CHARLES JUDE, maître de ballet – Il periodo dei Ballets Russes sotto la direzione di Djagilev fu un progresso creativo molto importante. Le coreografie di Fokine, Nižinskij, Massine, Balanchine e altri sono apparse fin da subito rivoluzionarie. Le collaborazioni con i più grandi pittori, compositori, costumisti e decoratori che Djagilev assunse per la sua compagnia ne fanno dei capolavori rappresentati in tutte le compagnie del mondo. Ciò ha segnato una rinascita e un rinnovamento nello stile coreografico dopo Petipa. In seguito alla scomparsa di Djagilev, Lifar continuò sulla stessa scia come pure Balanchine, Béjart e molti altri. Djagilev rappresenta il genio, ancora oggi!

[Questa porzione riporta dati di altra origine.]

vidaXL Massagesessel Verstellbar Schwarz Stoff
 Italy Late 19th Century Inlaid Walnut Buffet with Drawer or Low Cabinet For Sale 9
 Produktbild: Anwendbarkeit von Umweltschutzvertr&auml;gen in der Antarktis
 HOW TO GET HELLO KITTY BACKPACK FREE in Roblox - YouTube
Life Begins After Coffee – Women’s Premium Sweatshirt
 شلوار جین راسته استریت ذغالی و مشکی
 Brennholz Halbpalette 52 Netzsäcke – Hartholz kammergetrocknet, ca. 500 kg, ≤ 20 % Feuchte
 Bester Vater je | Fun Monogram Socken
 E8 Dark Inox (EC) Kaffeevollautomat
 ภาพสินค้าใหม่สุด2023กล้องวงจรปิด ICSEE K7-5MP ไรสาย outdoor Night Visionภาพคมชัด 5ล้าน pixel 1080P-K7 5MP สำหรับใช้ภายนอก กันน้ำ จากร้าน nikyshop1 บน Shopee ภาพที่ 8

MARTA LEVIS, coreografa – La modernità ha sempre dei precursori, spesso non capiti e contestati dall’accademismo conservatore ma che trova invece la sua consacrazione nell’entusiasmo e curiosità di ampie platee popolari. Il successo dei Balletti russi di Djagilev fu così travolgente e innovativo che ancor oggi ne avvertiamo le influenze. Se possiamo usare il termine “contaminazione” qui apprezziamo una suggestiva fusione nella mise en scène dei balletti dove scenografie, costumi, musica, colori si fondono in tableau vivant coreografici di rara forza e bellezza. “La sagra della primavera”, l’“Uccello di fuoco” per citare due delle tante produzioni del geniale Djagilev che seppe cambiare la storia della Danza, sono il simbolo dei tempi che cambiano, e l’arte, tutta, ne è la grande rivelatrice!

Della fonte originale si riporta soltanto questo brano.